During the 2011 USBC Open Championships, Allison's 60th appearance, he became one of only 13 bowlers in history to reach a lifetime total of more than 100,000 pins in the event.

In December 2017, Glenn was involved in an automobile accident. In addition to totaling his vehicle, he suffered from a fractured sternum and two fractured vertebrae. The accident occurred on Christmas Eve while Allison was driving to his part-time job as a front desk clerk at La Habra Bowl.
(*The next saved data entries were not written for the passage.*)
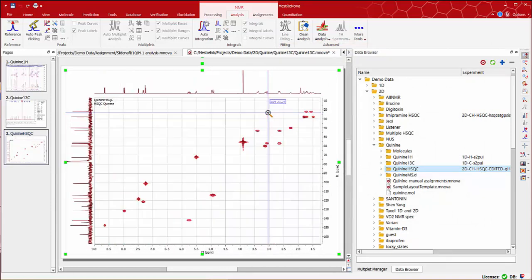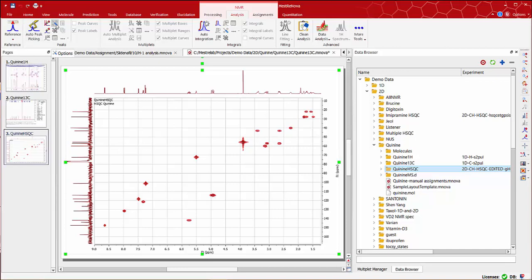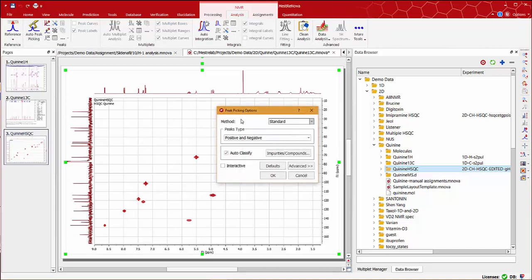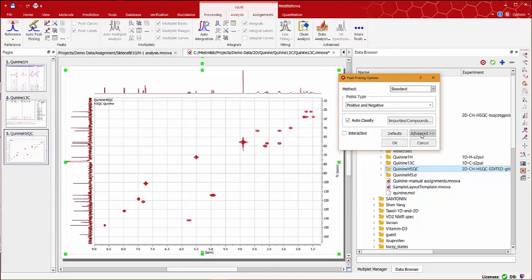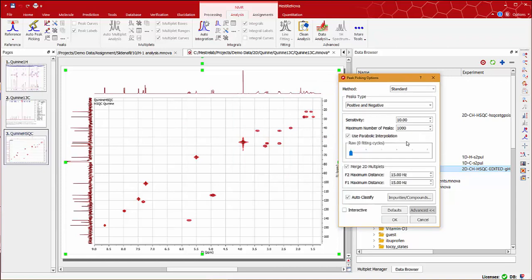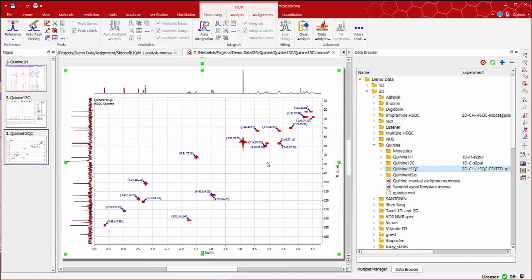Now we can do peak picking using the tools on the NMR analysis tab. If we click on peak picking's options and then select advanced, we can change any of the parameters in there. Since some of the peaks are split, we can select the merge 2D multiplets checkbox and also use the interactive mode to see the values. Everything seems fine, so we can accept the parameters.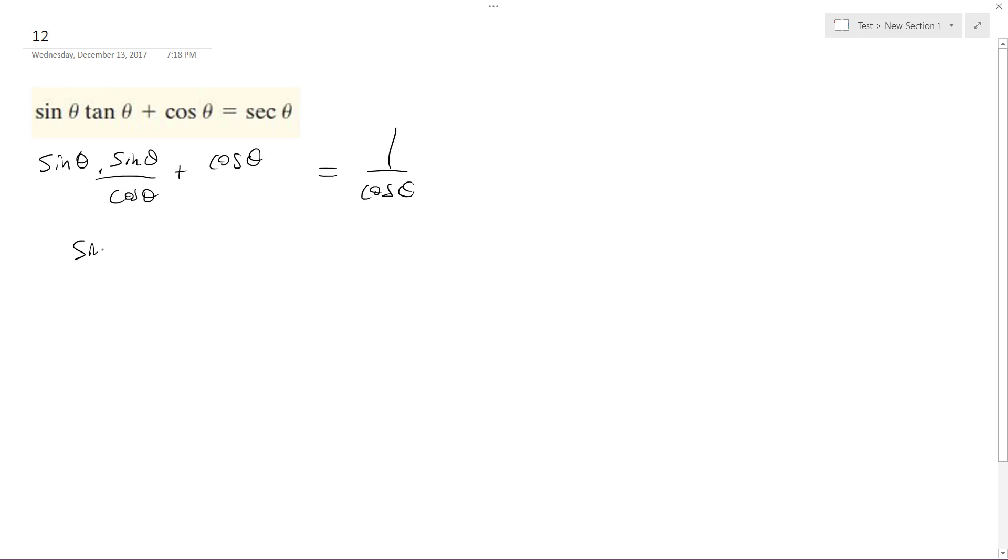So this becomes sine squared theta. And then what I can do here, this is over cosine theta, is I can get a common denominator, so this becomes cosine theta.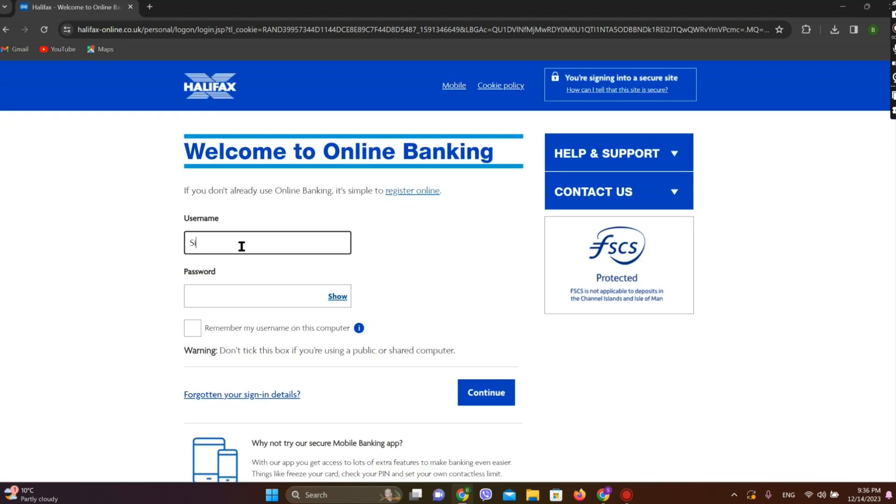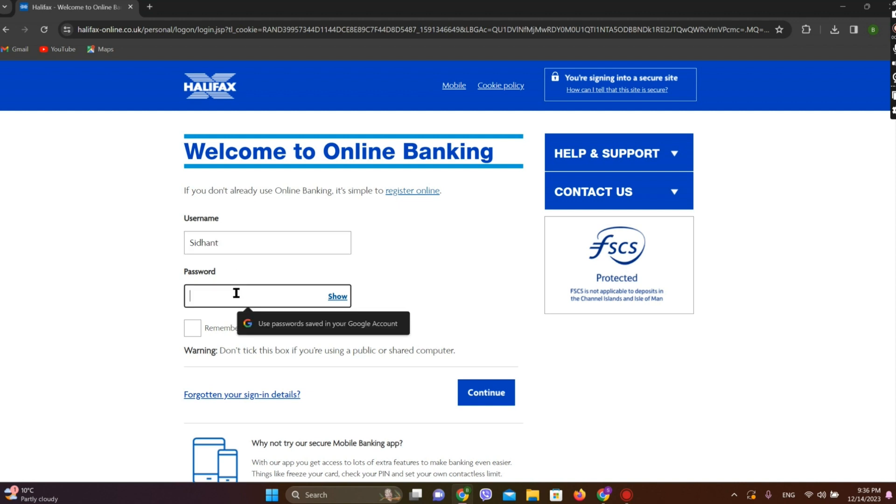Now enter your username and simply enter the password.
His daughter Suzanne said he was recovering at Pomona Valley Hospital and "is determined to heal and get back to bowling."

In 2023, at age 92, Allison tied the participation record for the USBC Open Championships, making his 71st lifetime appearance in the event. (He was tied with three other USBC Hall of Famers.) Allison first entered the ABC Open Championships in 1947, and bowled in every annual event from 1954 to 2024. In 2024, at the age of 93, Allison broke the participation record for the USBC Open Championships, making his 72nd lifetime appearance in the event, reaching a lifetime total pinfall of 123,341 (third-highest all-time).

Allison's daughter posted on October 7, 2025, that Glenn had died that morning. He was 95.